Nous aurons demain une autre forme de monnaie à disposition… elle sera émise par la banque centrale (comme les billets) mais électronique (comme les opérations bancaires).
La notion de MNBC
- Une MNBC est un actif numérique émis et garanti par la banque centrale, s’échangeant au pair avec les billets et les pièces, disponible en permanence et dans des transactions de pair-à-pair et circulant sur des supports numériques au moins en partie différents de ceux utilisés de nos jours. C’est en quelque sorte un billet numérique.
- La Chine et quelques petits pays expérimentent une telle monnaie et la plupart des banques centrales dans le monde y réfléchit.
- Il ne faut pas confondre monnaie numérique et monnaie électronique : cette dernière correspond à de la monnaie commerciale, une somme d’argent stockée sous forme électronique (carte prépayée, porte-monnaie électronique…) en contrepartie d’une remise de fonds auprès de l’émetteur. Une monnaie numérique ne doit pas non plus être confondue avec un cryptoactif comme le bitcoin, qui n’est pas une monnaie.
Deux formes de MNBC
- La MNBC dite « interbancaire », utilisée exclusivement par la banque centrale et les banques commerciales ou des institutions financières spécifiques, pour les transactions financières entre elles. Cette monnaie centrale numérique pourrait être créée via une technologie de registre distribué, comme la blockchain. Déjà testé par la Banque de France, cette technologie permet d’effectuer les transactions financières de gros montants de manière plus rapide, transparente et sûre, et à moindre coût qu’en utilisant une technologie classique.
- Une MNBC dite « de détail », utilisable par le grand public. Le public pourrait utiliser cette monnaie centrale numérique soit sous une forme stockée dans un support physique (une carte, un téléphone mobile…), soit via un compte ouvert en monnaie centrale numérique.
L’objectif n’est pas que cette monnaie numérique de détail remplace les pièces et les billets. Il s’agirait plutôt de proposer une alternative permettant d’offrir au public un choix et d’accompagner l’évolution des comportements en matière de paiement.
Les avantages d’une MNBC de détail
- Il s’agit d’une monnaie de banque centrale, bénéficiant des mêmes avantages que les espèces à savoir qu’elle est un instrument de paiement parfaitement liquide et sécurisé, mais qui peut être échangé à distance puisque numérisée. Elle peut rendre plus robustes, plus efficaces et moins couteux les systèmes de paiement et notamment les opérations transfrontières, comme celles des touristes étrangers ou les transferts de fonds des migrants.

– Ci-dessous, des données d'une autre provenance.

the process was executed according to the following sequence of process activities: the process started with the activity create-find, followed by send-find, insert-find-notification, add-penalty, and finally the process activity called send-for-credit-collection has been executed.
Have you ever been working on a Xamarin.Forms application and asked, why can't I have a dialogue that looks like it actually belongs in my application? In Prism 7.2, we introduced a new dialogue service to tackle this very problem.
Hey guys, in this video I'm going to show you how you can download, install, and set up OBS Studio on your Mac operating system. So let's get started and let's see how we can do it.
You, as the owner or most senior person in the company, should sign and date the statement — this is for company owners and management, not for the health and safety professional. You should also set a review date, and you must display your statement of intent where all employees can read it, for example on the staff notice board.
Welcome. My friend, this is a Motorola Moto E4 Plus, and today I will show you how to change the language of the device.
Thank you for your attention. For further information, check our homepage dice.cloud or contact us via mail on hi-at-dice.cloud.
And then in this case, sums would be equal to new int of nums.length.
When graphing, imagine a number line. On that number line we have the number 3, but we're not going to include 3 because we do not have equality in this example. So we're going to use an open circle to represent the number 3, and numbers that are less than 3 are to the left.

- C’est une alternative publique et sans risque à des solutions numériques privées ou étrangères qui peuvent créer des problèmes de souveraineté et d’efficacité de la politique monétaire ainsi que des risques en termes de contrôle des opérations, de blanchiment d’argent sale, voire de financement du terrorisme, et plus généralement d’instabilité financière.

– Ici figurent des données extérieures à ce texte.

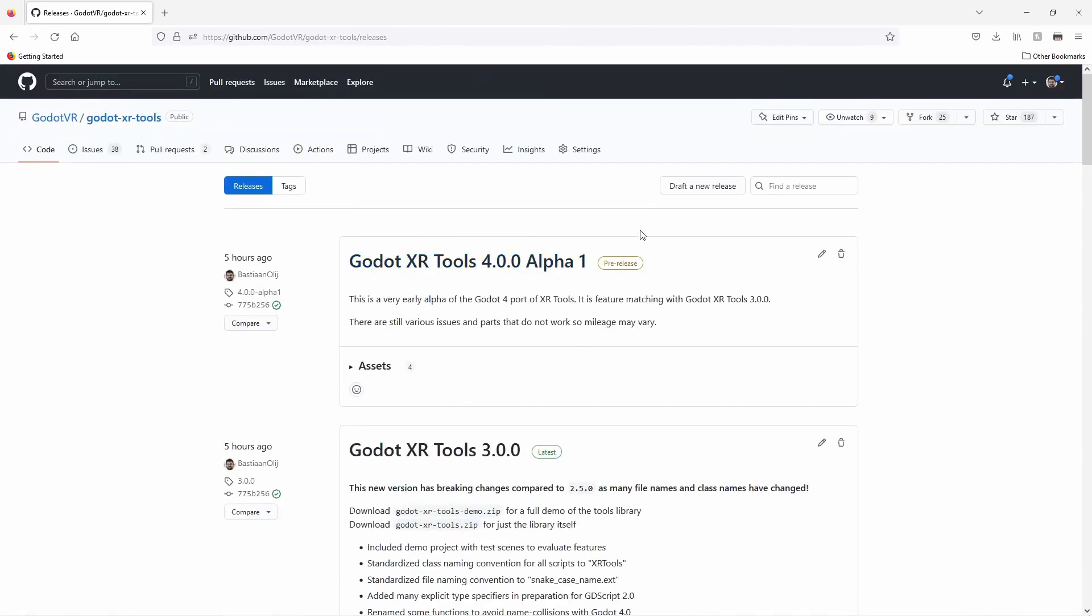You can also download an alpha version of the Godot 4 XRTools library. Note that currently the demo in this version is broken, but the XRTools library itself for the most part works. Keep in mind that this is an alpha version and seeing Godot 4 itself is still in beta, this is far from production ready.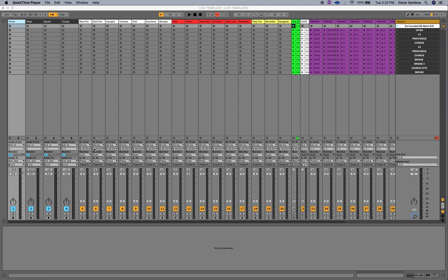My name is Oscar Gamboa. I'm the MD and producer for Upper Room. I'm one of the producers. We kind of all collaborate all together. It's kind of cool.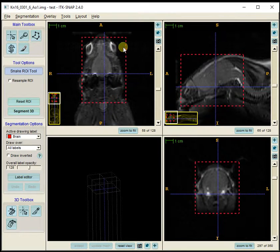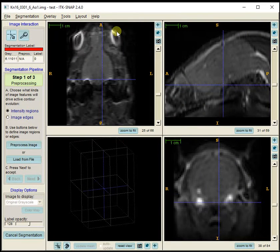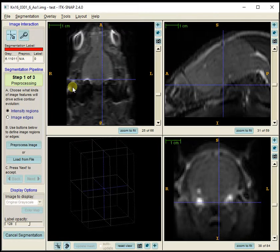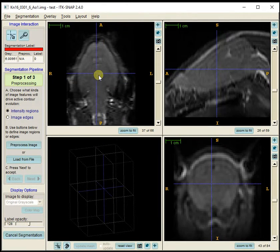Once I'm happy with this red box, I press the Segment 3D button. That takes away all the other pixels from the image so that I can focus on segmenting the brain — just the particular region I'm interested in.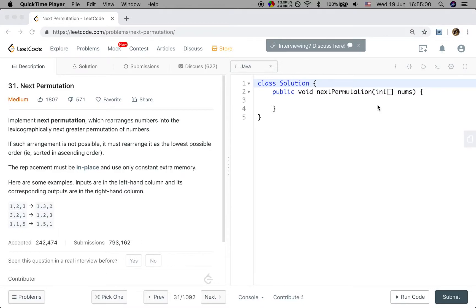Hello friends, now let's solve the next permutation problem. Let's see the statement. We need to implement next permutation, which rearranges numbers into the next greater permutation of numbers. If such arrangement is not possible, it must rearrange it as the lowest possible order. The replacements must be in place and use only constant extra memory.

Comment circule une MNBC de détail ?
- Soit sous forme dite de jeton (ou « token »), c’est-à-dire que les unités de monnaie numérique sont stockées sur un support physique, dédié ou non (par exemple, téléphone mobile, disque dur, carte de paiement…). Le détenteur du support physique est le seul à pouvoir payer avec les unités stockées sur ce support, les modalités d’échange s’effectuant électroniquement de support à support ; pour l’utilisateur, l’usage serait assimilable à celui d’un porte-monnaie de billets électronique garantis par la banque centrale.

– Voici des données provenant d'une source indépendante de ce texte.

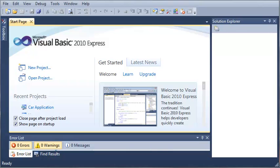Hello YouTube, Sam here from youtube.com/onlivegamer for the new Boston. And in this tutorial, we're going to be talking about shared variables, properties, and methods.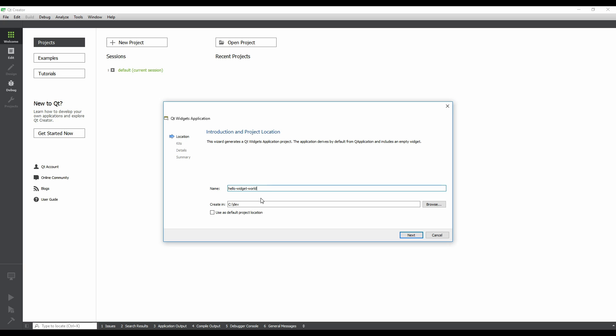Now we need to choose where the project will be created. The default location is usually good enough, but feel free to change it to a place that works for you. If you want to use that location for future projects, you can check the Use as Default Project Location checkbox. Click Next.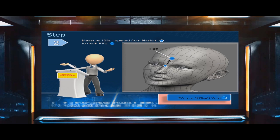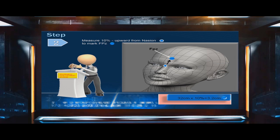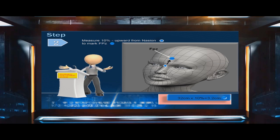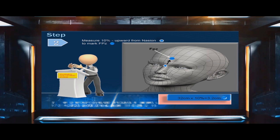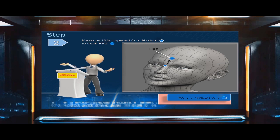Step 2: Measure 10% upward from the nasion to locate FPZ. In this example, 32 centimeters times 10% equals 3.2 centimeters.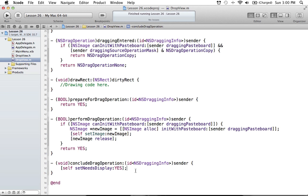We never call drawRect directly — that's kind of a bad move in general. If you ever want to trigger your drawing code for your view, you always just say setNeedsDisplay. That will always tell your view: whenever you get a chance, make sure you redraw yourself. For our purposes, this will happen pretty much instantly because we don't have any large processes going on that would stop us from drawing. So you always want to say self setNeedsDisplay rather than self drawRect.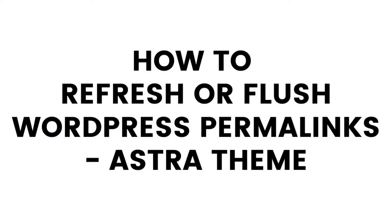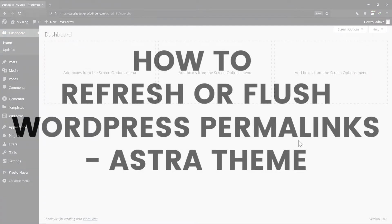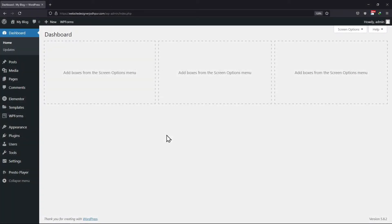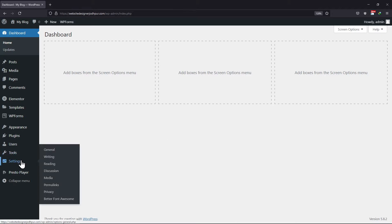In this video, you will learn how to refresh or flush WordPress permalinks. The Astra theme says whenever a new custom post is added through a plugin or code, usually WordPress permalinks need to be flushed. So what you need to do is hover onto Settings and click on Permalinks.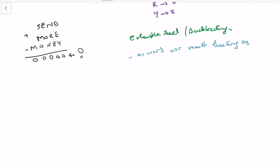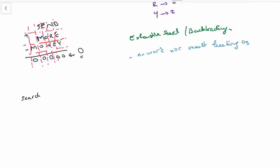Since we're using exhaustive search, we need to define the state of our search function. We process the equation column by column — each column position across all words — and row by row where rows are the words plus the result. So the search state is: row, column, and balance, where balance tracks the running sum we want to reach zero.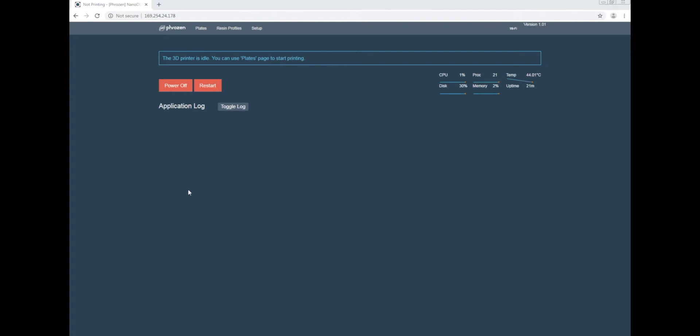Once you have the profiles downloaded and extracted, you're ready to import them into your printer. You can find the links to these profiles in the description below.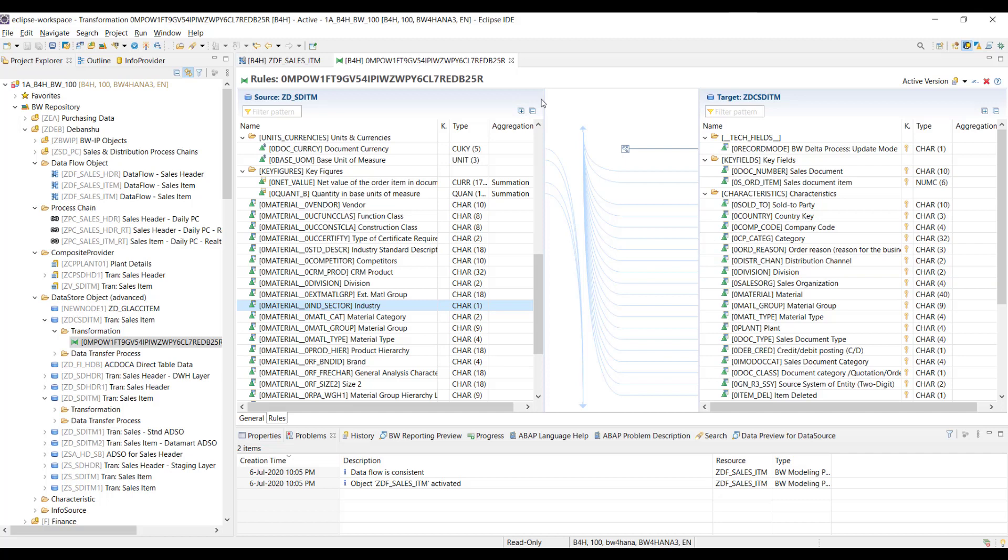So there are three ways you can access and activate navigation attributes. First is in the composite provider — either in the Scenario tab or in the Output tab. Second is in the transformation: you first activate the 'Use Navigation Attribute in Extraction' property in the source ADSO, and then the navigation attributes become available in the transformation. Thank you very much for watching. I hope this helped you and will enable you to use navigation attributes more effectively. Thank you, and I'll see you in the next one.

- Soit sous forme de compte accessible en ligne, associé à leur détenteur. Dans ce cas, les paiements se feraient de compte à compte et l’émetteur comme le bénéficiaire devraient donc disposer d’un compte libellé en monnaie numérique. Pour l’utilisateur, le fonctionnement serait assimilable à celui des solutions privées de type PayPal, c’est-à-dire des comptes en ligne fonctionnant en mode de pré-alimentation, mais avec une monnaie aussi sûre que les billets.
Pour distribuer cette MNBC de détail, la plupart des banques centrales excluent le modèle appelé direct, où elles assurent elles-mêmes, sans intermédiaire, la mise à disposition de la monnaie numérique auprès des utilisateurs finaux. Elles préfèrent le modèle appelé intermédié, car elles
s’appuient sur des intermédiaires pour assurer cette mise à disposition auprès des utilisateurs finaux. En zone euro, le choix se porte naturellement vers les banques, qui assurent déjà la distribution des billets et avec lesquelles l’Eurosystème est en interaction directe via ses infrastructures ; une vision plus extensive peut inclure des prestataires de services de paiement, assureurs, agents/courtiers, bureaux de change, offices postaux…
Le projet d’Euro numérique
- En juillet 2021, la BCE a décidé de lancer une phase d’investigation de 2 ans sur l’euro numérique de détail. A l’issue de cette phase, si elle est jugée convaincante, s’ouvre une seconde phase de réalisation de 3 ans. Ainsi, l’euro numérique pourrait voir le jour en 2026.
- En introduisant un euro numérique, la BCE protégerait sa « souveraineté monétaire » car il contribuerait à ce que l’euro reste la seule et unique unité de compte utilisée au sein de la zone euro. Cela limiterait notamment le risque d’un recours à des MNBC étrangères, ou à des actifs privés tels que des stablecoins,dont l’actualité de 2022 a montré qu’ils ne constituent pas des moyens de paiement sûrs.
- Avec sa monnaie numérique, la BCE pourrait aussi contribuer à l’autonomie stratégique du continent européen en matière de paiements. Aujourd’hui, les paiements en zone euro sont fortement dépendants de grandes entreprises américaines telles que Visa et Mastercard, mais aussi de géants du numérique comme Google ou Apple. En proposant une nouvelle offre de paiement européenne, la BCE pourrait stimuler la concurrence dans l’industrie des paiements au sein du continent européen et ainsi assurer sa résilience dans ce domaine.